Happy Independence Day!

I've always been patriotic.  I feel a deeper, more personal connection to Independence Day than I do to any other holiday.  I grew up as an Army brat (my dad retired as a Colonel after 28 years) and I really miss hearing the National Anthem playing over loud speakers across an installation and seeing everyone get out of their cars to salute and cover their hearts.  
I remember that touching me, even as a kid. 

One of my very first memories is of singing Lee Greenwood's "Proud to be an American" while swinging on the playground at my preschool.  I would practice my high-swing and sing it over and over and over. 

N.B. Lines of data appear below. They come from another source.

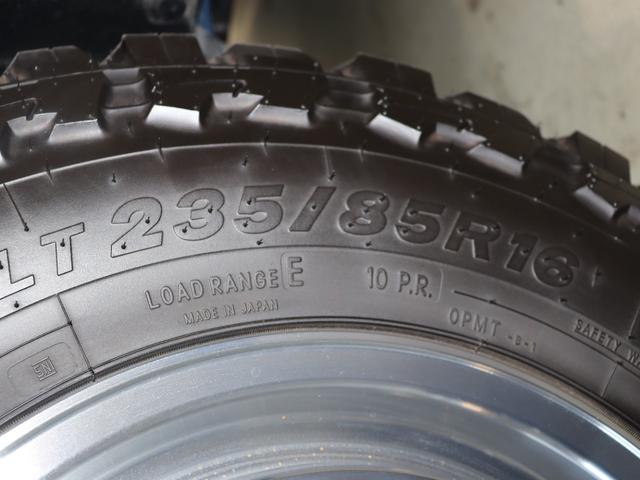 ランドクルーザー１００ ＶＸリミテッド　Ｇセレクション　再販７０純正ブルー　グレードＧセレクション　サンルーフ　丸目ヘッドライト換装　ＤＥＡＮ　カリフォルニアホイール　オープンカントリー２３５／８５／１６ＭＴ　ｃａｒｒｏｚｚｅｒｉａ７インチフルセグナビ搭載（35枚目）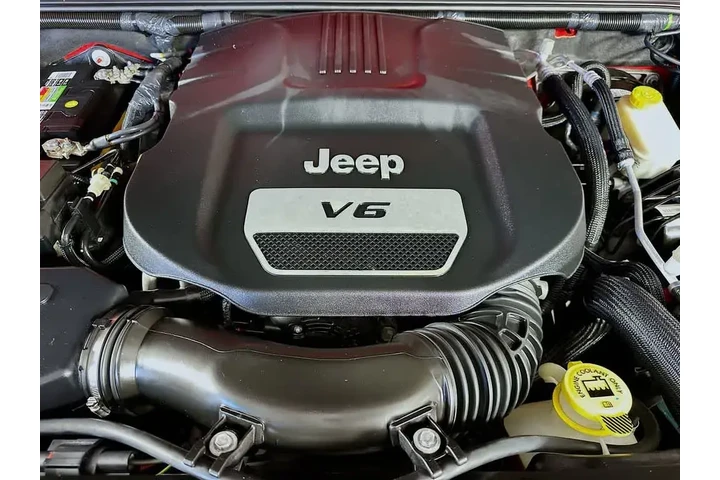 $18923 : Jeep Wrangler Unlimited 2017 image 9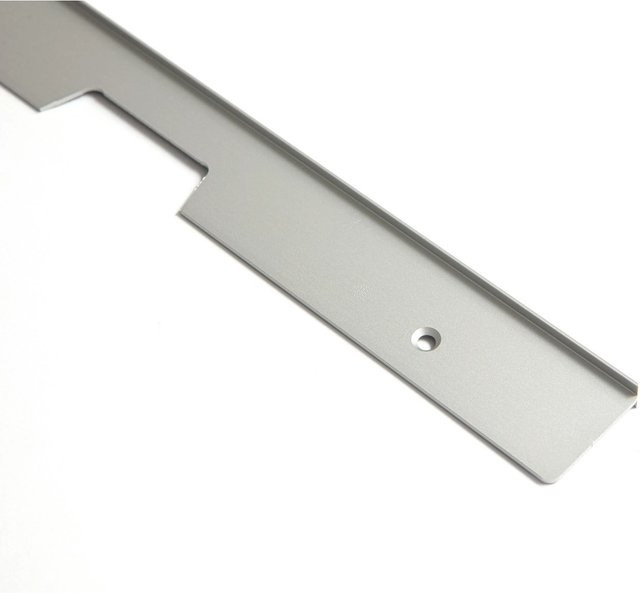 Kaindl Fugen-Eckleiste für Arbeitsplatten mit ABS-Profil in Silber, Länge: 635 mm, Breite: 28 mm - Bild 1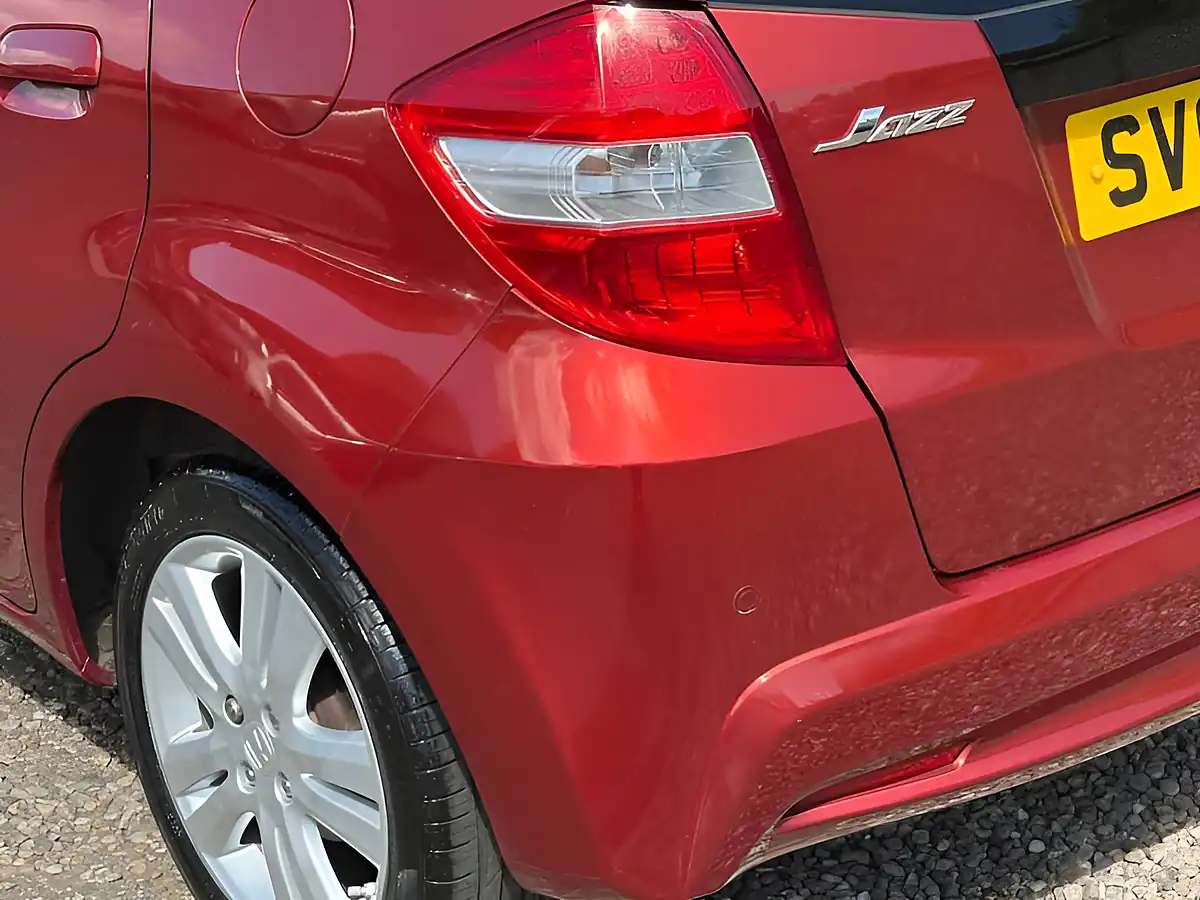Used 2014 Honda Jazz Es Plus Red - Interior and Exterior details 8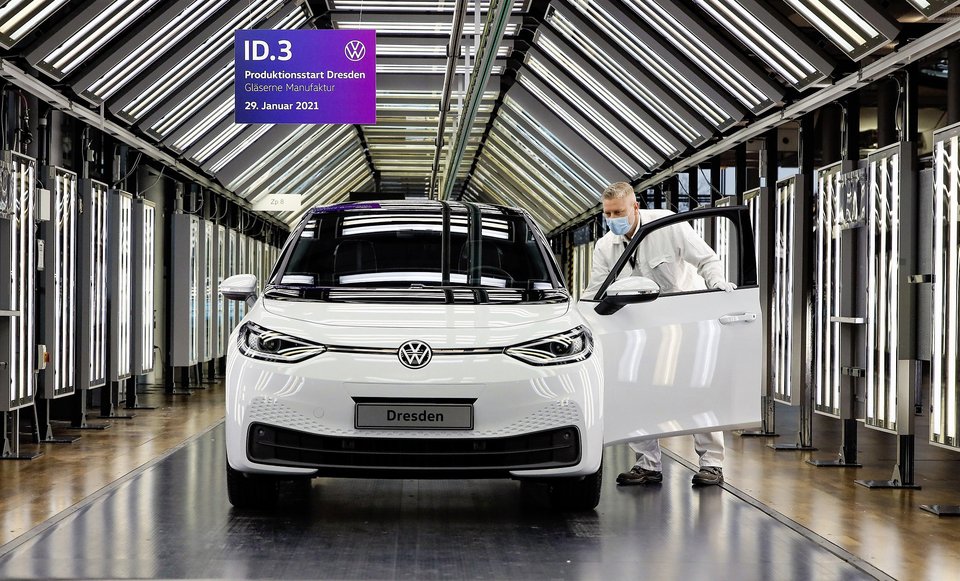 Στόχος είναι η Volkswagen να παραδώσει συνολικά περίπου 300.000 οχήματα που βασίζονται στην MEB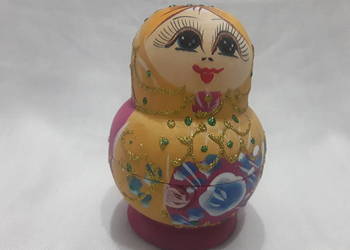 Figurka matrioszka baba w babie 6 części 12 cm drewno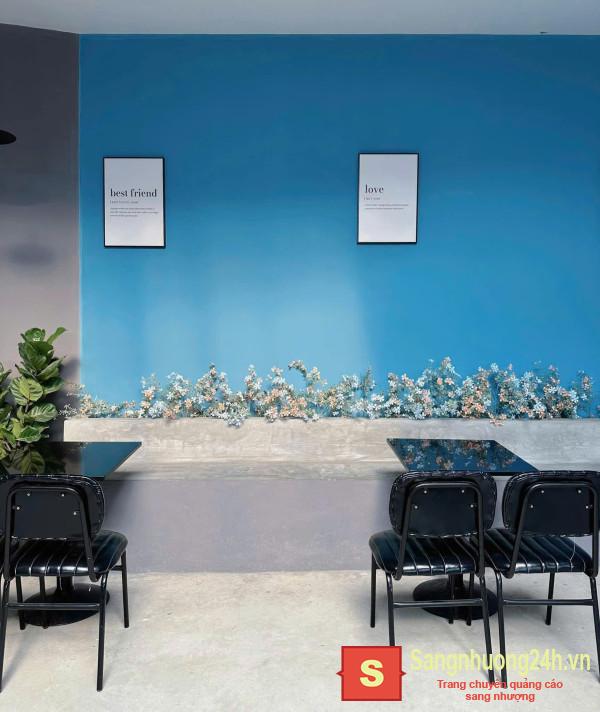 Sang quán cafe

As a kid, Dad made every effort for us to visit all 50 states in America.  (I've only been to 45 so far, but I know I'll make it to all of them one day.)  My mom is up for a trip anywhere and Dad wanted us to experience all we could, so we traveled A LOT.  Dad always got a photo of

us with every state sign.  A lot of them are in the middle of the night with the only illumination coming from the headlights of my parents' Suburban.  "Kids, wake up!  We're hitting another state!"  Nearly all of my memories of childhood center on the road.






I remember laying my head over the back seat of the car the summer I was thirteen, driving through the empty desert in Arizona, staring into the darkest, starriest sky I'd ever seen.  The thoughts I contemplated on that trip still affect me in my core.









I remember eating the spiciest gingerbread and huddling into a tiny--and warm!--blacksmith shop at Colonial Williamsburg the winter I was seven.  Every time I smell wood burning, I'm transported back to my first--and foggy, and drizzly, yet fantastic--trip to the historical triangle in Virginia (a trip that inspired a still very deep love of American history).







I remember the 20-something hour drive Dad made (in one stretch) from southern Georgia to South Dakota because he'd "always wanted to see Mount Rushmore."  We saw it...and a million prairie dogs, the Badlands, and sunflowers bigger than our heads.  


I remember Dad giving a man in Times Square a bite of his pretzel, just because he asked.  I remember being amazed by the height of the Statue of Liberty and by the mist from Niagara Falls on that same trip.


I remember not being able to take my eyes off of Chimney Rock as we approached from miles away.  I remember driving every back road in Wyoming trying to find wagon-wheel rutts that were supposedly still visible from the Oregon Trail (we never found them) and running around the Dalton Gang hideout with my brother and sister.


I remember peering into the Grand Canyon with my sister while my poor (deathly-afraid-of-heights) mom hollered for us to "get back!"





I remember riding on the back of a horse down the narrowest, steepest trails in Big Bend National Park and walking across the border to Juarez so I could say I'd visited Mexico.  

I remember drinking coffee and eating beignets at Cafe Du Monde...and a muffaletta and Zapps at Central Grocery...and countless other treats shared with my grandparents in New Orleans.


I remember the chills I got when I stepped off of the ferry and onto Fort Sumter during my first trip to Charleston (where Mom took me for my senior trip in high school).  


I remember taking frequent jaunts off of I-40 to ride on the fragments still left of the original Route 66...and sharing a HUGE strawberry shortcake at The Big Texan, a photo opportunity at the Cadillac Ranch, and a creepy night at the historic, haunted St. James Hotel in New Mexico.



The U.S. has such an amazing history and such an awesome span of natural wonders and cultures.  I could honestly write forever about my love for this country.  I feel truly blessed to have been born (although ironically, not in the country) a United States citizen.  Independence Day reminds me not to take that for granted.